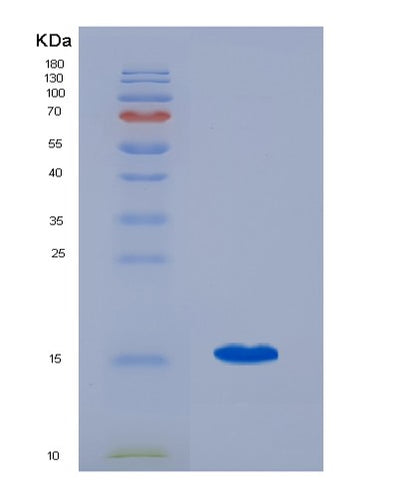 SDS-PAGE analysis of Human ENG (Endoglin) - Recombinant Protein, CAT# BLT-07390P, showing >90% purity under 15% SDS-PAGE (Reduced)Human ENG (Endoglin) - Recombinant Protein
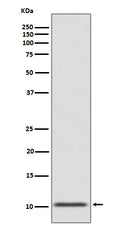 Western blot analysis of GLP1 expression in human fetal pancreas lysate.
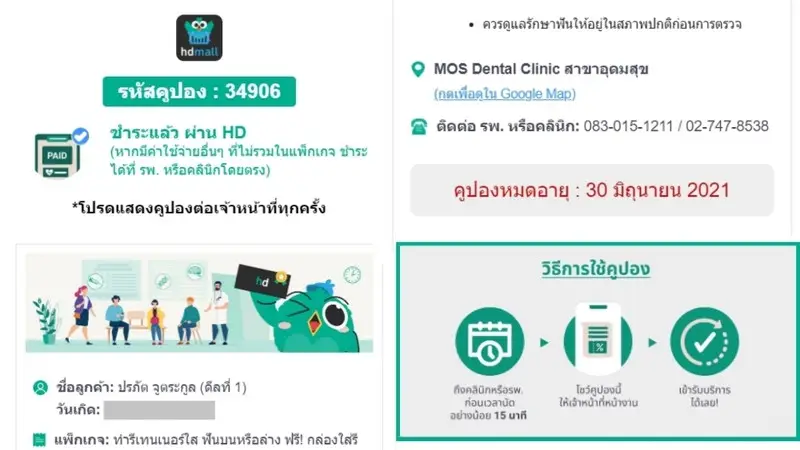 คูปองการจองทำรีเทนเนอร์ใส ที่ MOS Dental Clinic สาขาอุดมสุข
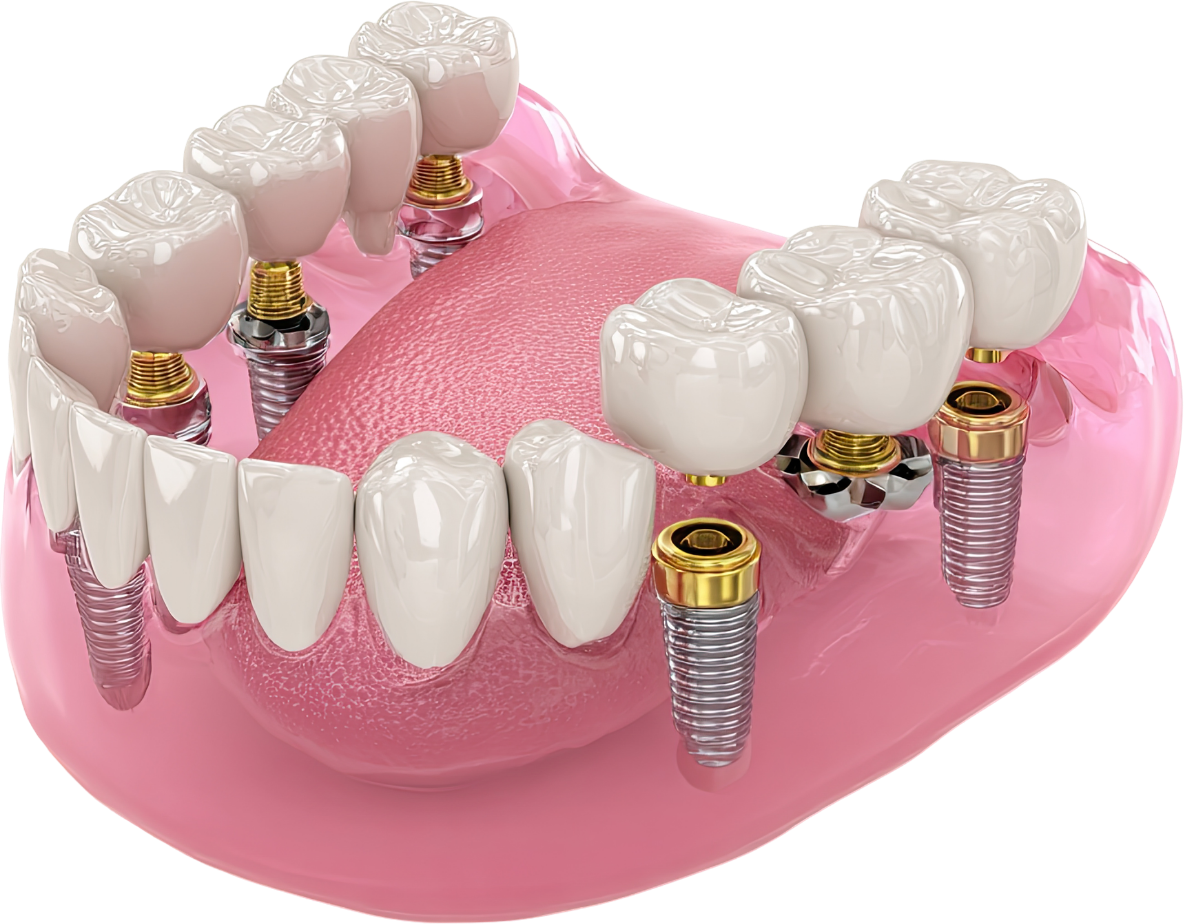 A natural-looking dental implant at Chapeltown Dental Care, Sheffield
+++++
Pictures should not appear in the copy. Write out exactly the lines above from the first one through the line that contains "Western blot analysis".

- Solution to this problem:
 SDS-PAGE analysis of Human ENG (Endoglin) - Recombinant Protein, CAT# BLT-07390P, showing >90% purity under 15% SDS-PAGE (Reduced)Human ENG (Endoglin) - Recombinant Protein
 Western blot analysis of GLP1 expression in human fetal pancreas lysate.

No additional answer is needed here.